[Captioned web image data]

Start of Block

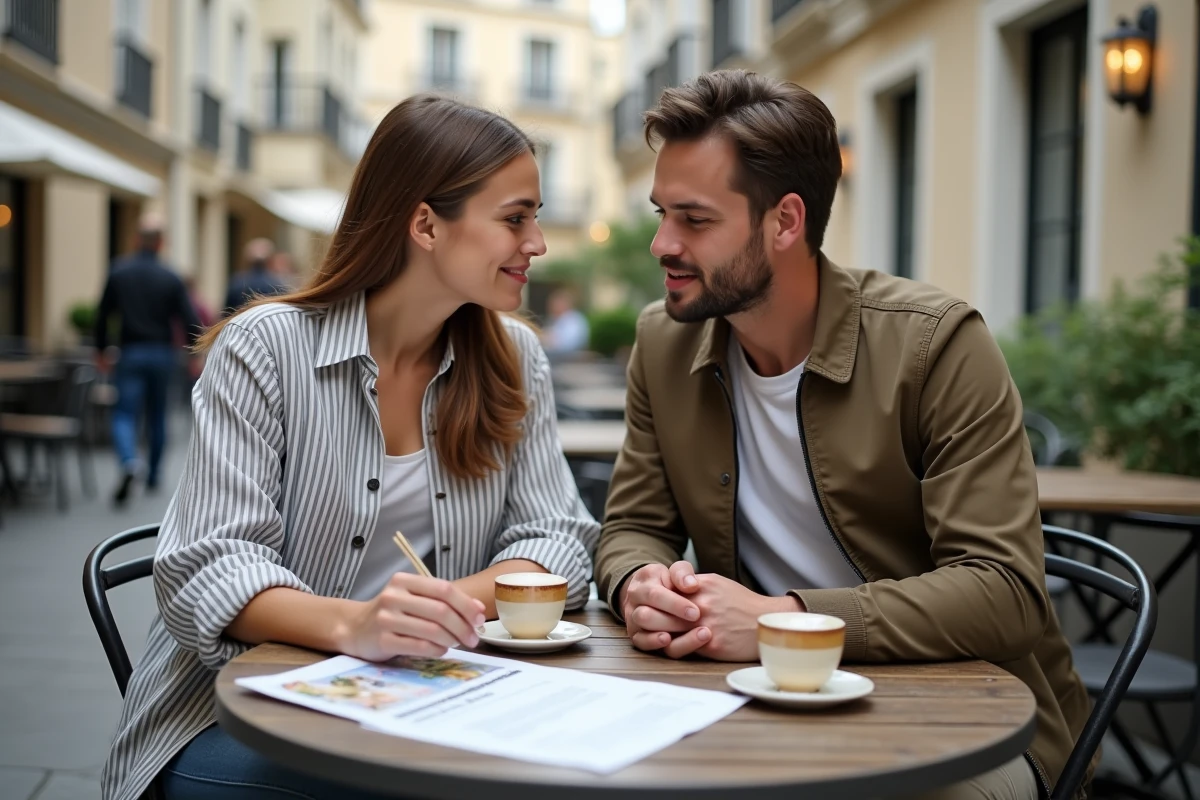 Couple consultant un guide de quartier et un contrat de location en terrasse à Créteil, représentant les erreurs courantes lors de l'installation dans un nouveau quartier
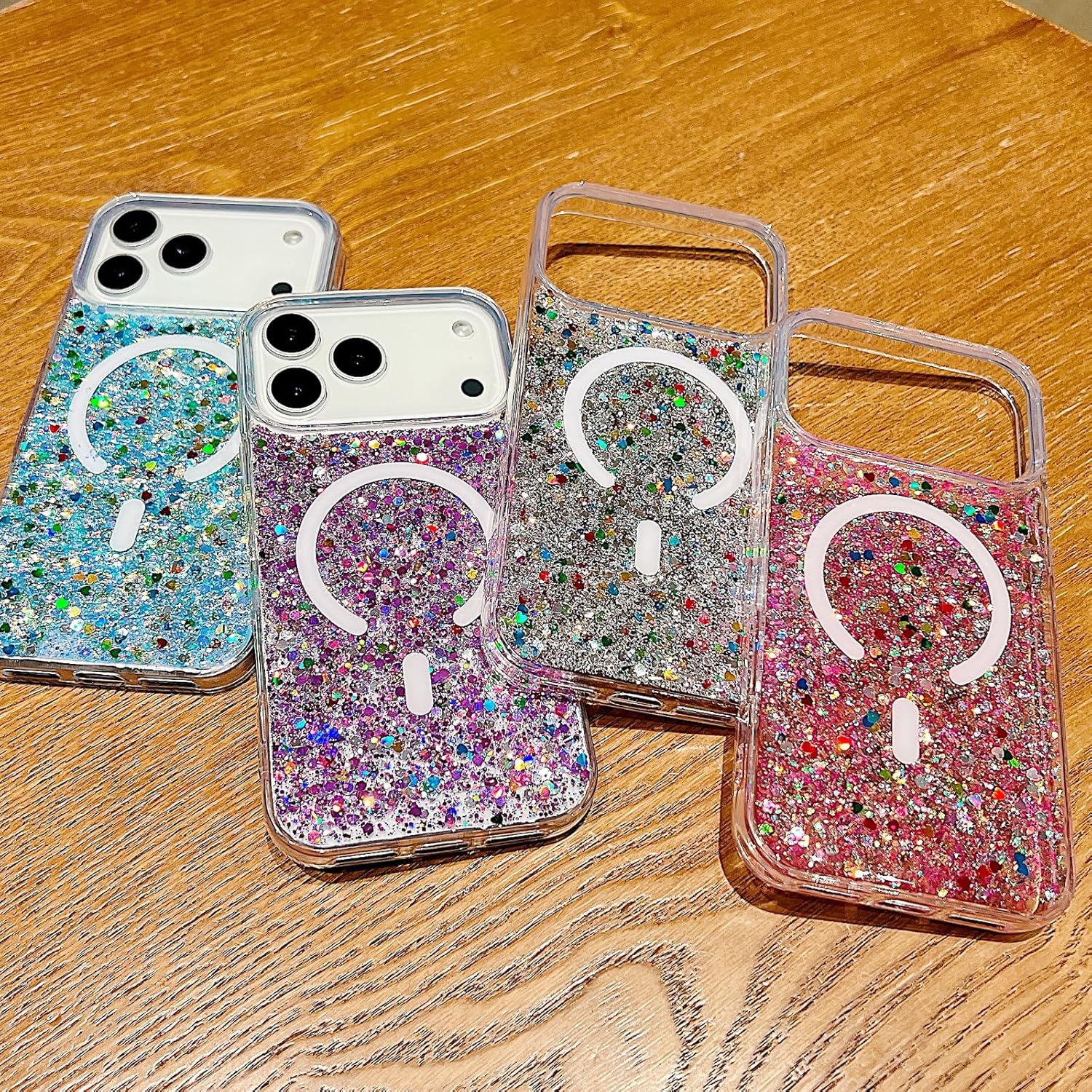 Magnetic Glitter Case for iPhone 17 Pro Max,[Compatible with MagSafe] Cute Luxury Bling Sparkly Crystal Diamond Shiny Clear Shockproof Women Girls Phone Case for iPhone 17 Pro Max 6.9",Silver - Image 8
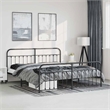 vidaXL Powder-Coated Steel King/Double Bed Frame in Black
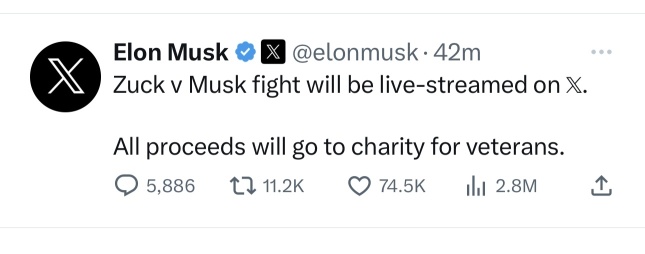 真的 Musk VS 扎克伯格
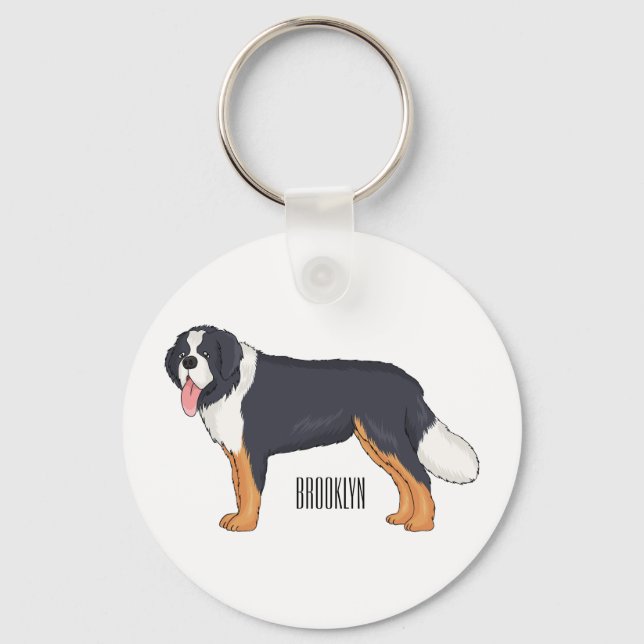 Bernese mountain dog cartoon illustration key ring (Front)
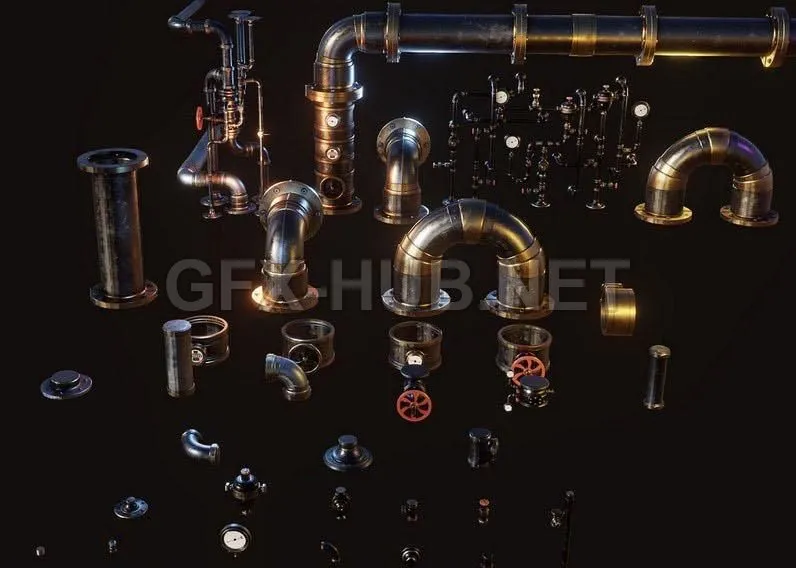 PBR Game 3D Model – Steampunk Pipes 3D Kit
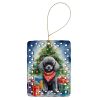 Black Toy Poodle Christmas Reindeer Porcelain Ornament Christmas Tree Hanging Decorations for Home Christmas Holiday, Rectangle, Gift, Multicolor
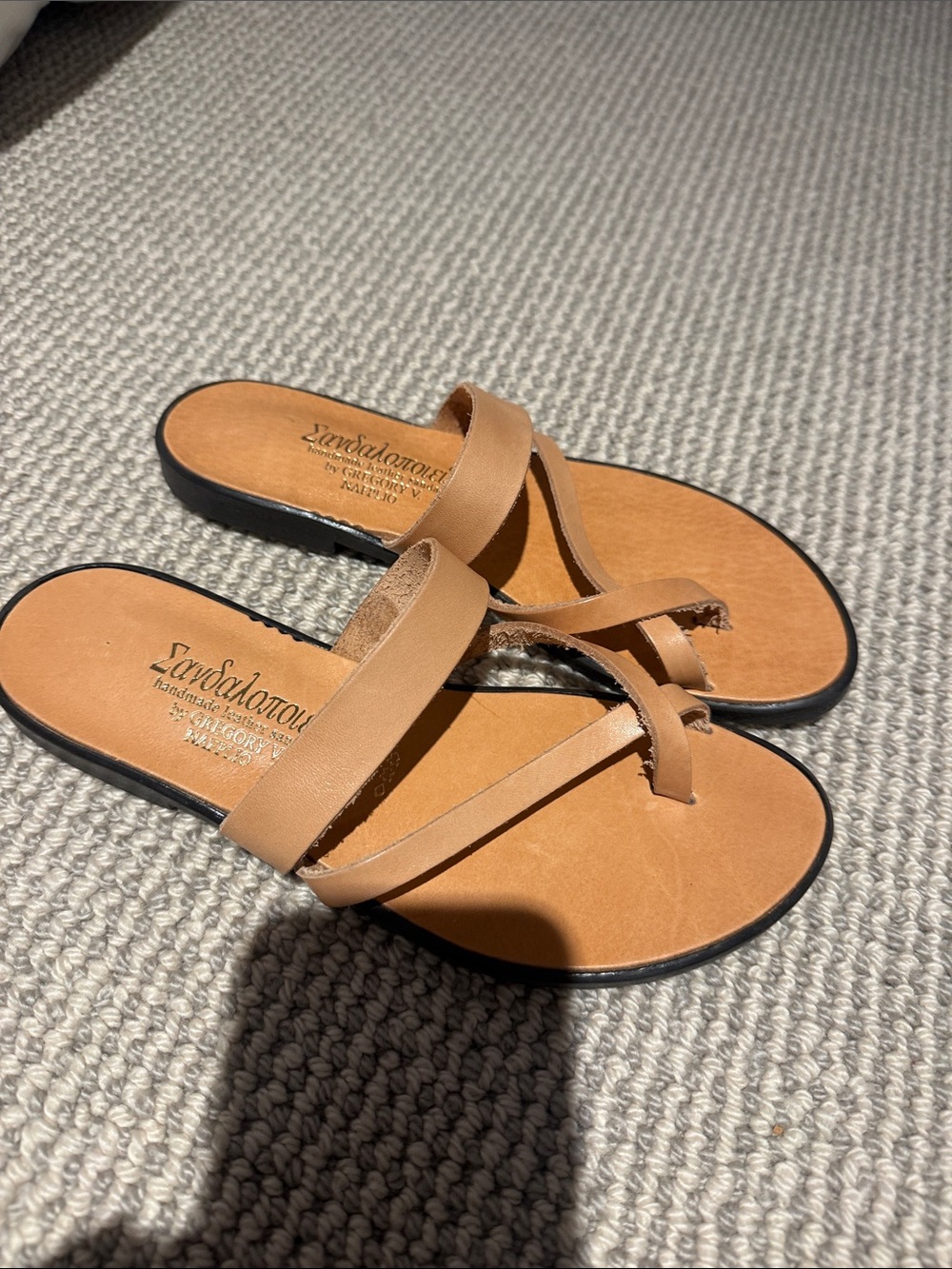 Gregory Tan Leather Crisscross Slide Sandals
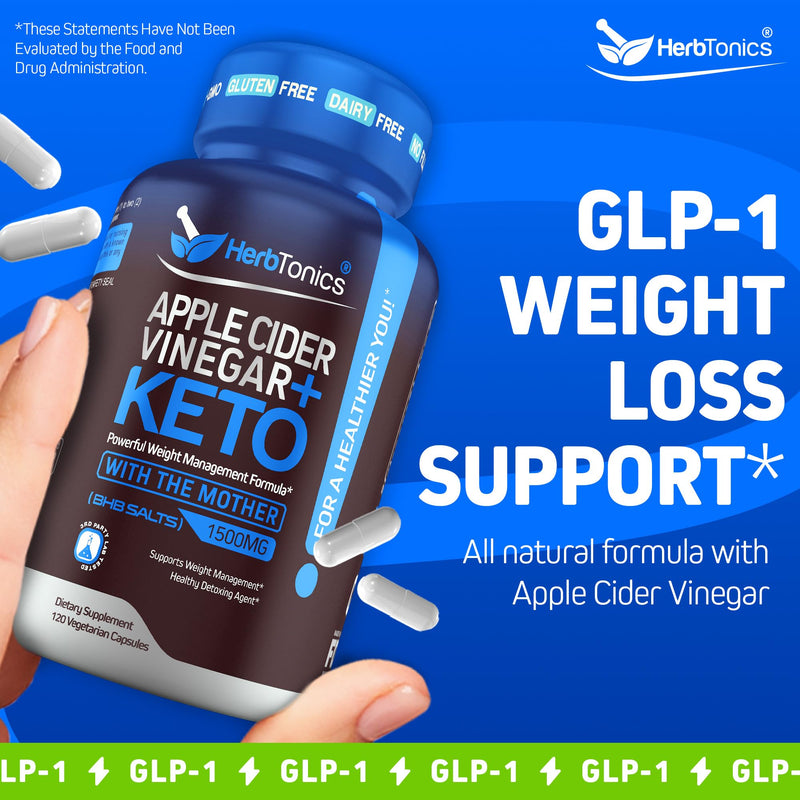 Herbtonics Apple Cider Vinegar with Keto BHB Salts – GLP-1 & Appetite Support | 120 Keto ACV Capsules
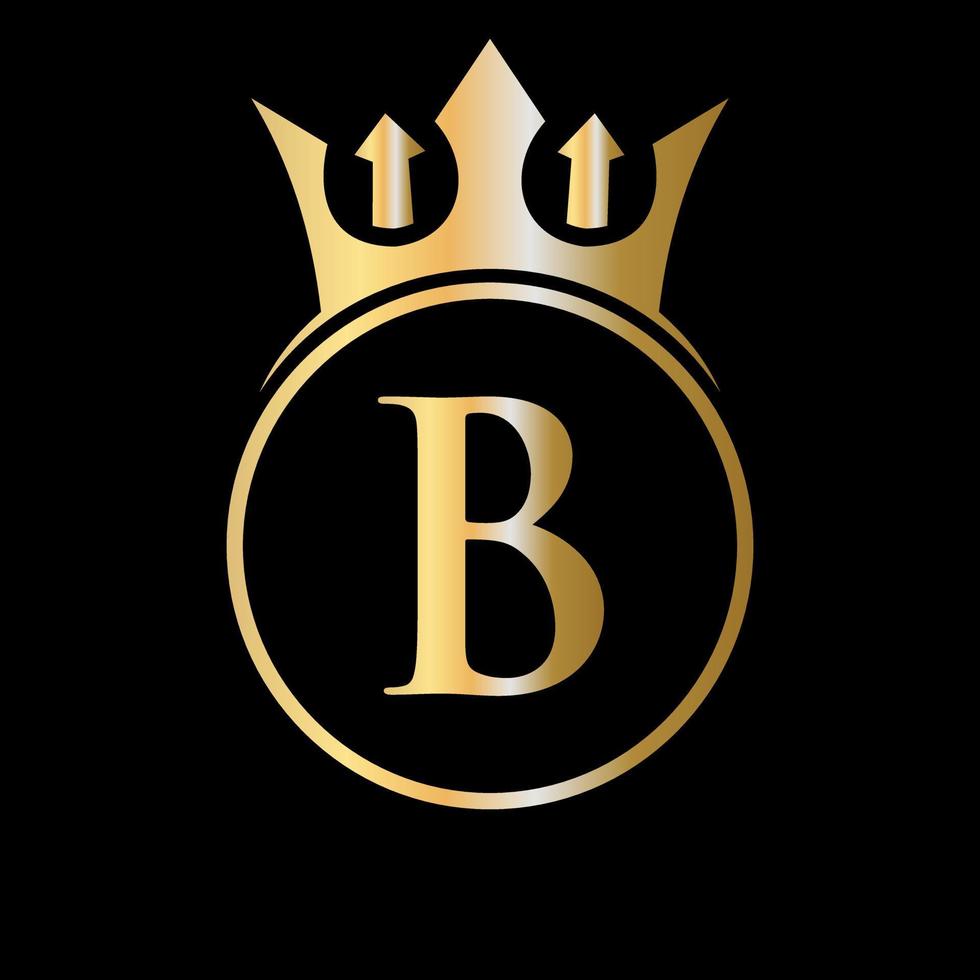 logotipo de la corona de la letra b de lujo. logotipo de la corona para la belleza, la moda, la estrella, el signo elegante vector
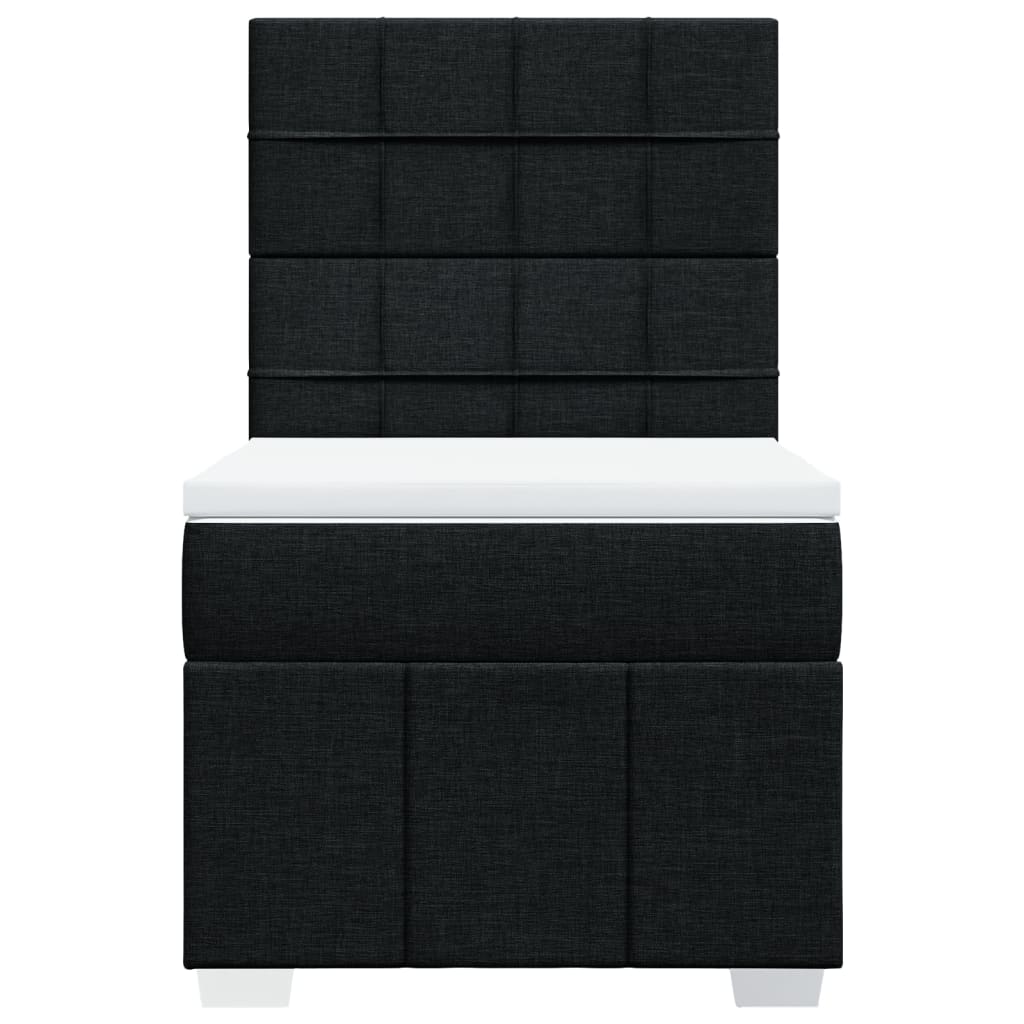Κρεβάτι Boxspring με Στρώμα Μαύρο 80 x 200 εκ. Υφασμάτινο - Pakobazaar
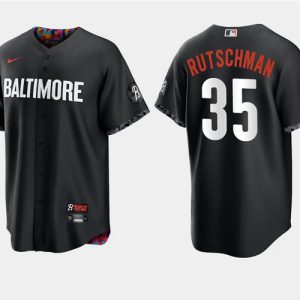 Baltimore Orioles #35 Adley Rutschman Black 2023 City Connect Cool Base Stitched Jersey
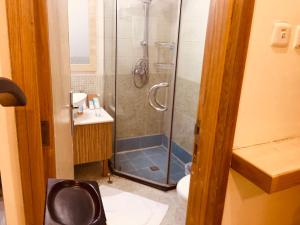 巴格达帕姆酒店的带淋浴、卫生间和盥洗盆的浴室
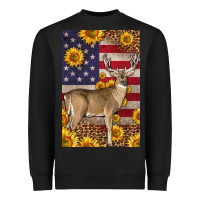 Black Western American Deer Heavyweight Sweatshirt - LillyAllenDesigns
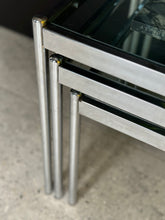 Load image into Gallery viewer, Chrome & Glass Nest Of Tables
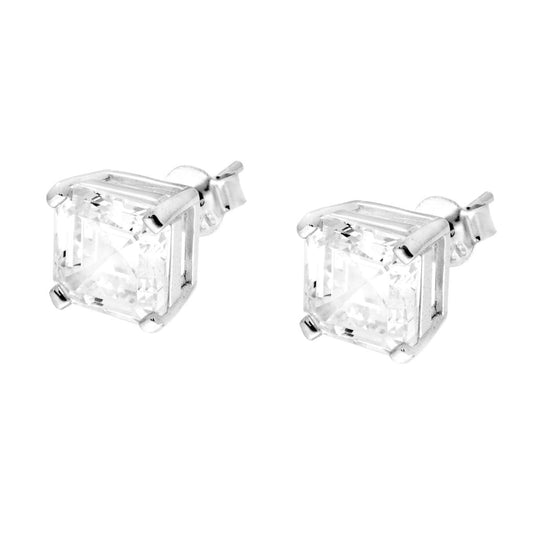 Ohrringe Punto Luce Quadrat Princess mm 8 Zirkonia Weiß in Silber 925 rhodiniert - MeinSchmuckShop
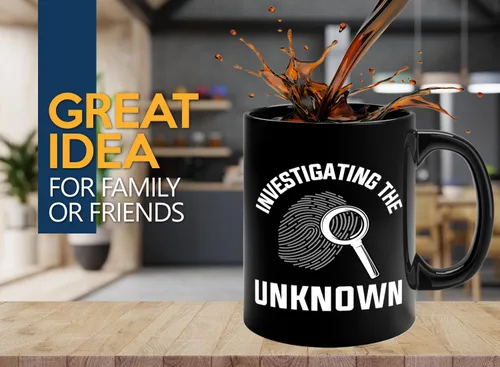 Vista 2 de Taza de café detective de 11 onzas, color negro - Investigando lo desconocido - Oficial de policía policía patrulla detective sheriff aplicación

End of Block

**Assignment**
Before duplicating, set the pictures aside; then output exactly the lines from the one with "Load image into" through the end of the records, and only those.

**Response box**
 Load image into Gallery viewer, Chrome & Glass Nest Of Tables
 Ohrringe Punto Luce Quadrat Princess mm 8 Zirkonia Weiß in Silber 925 rhodiniert - MeinSchmuckShop
 Vista 2 de Taza de café detective de 11 onzas, color negro - Investigando lo desconocido - Oficial de policía policía patrulla detective sheriff aplicación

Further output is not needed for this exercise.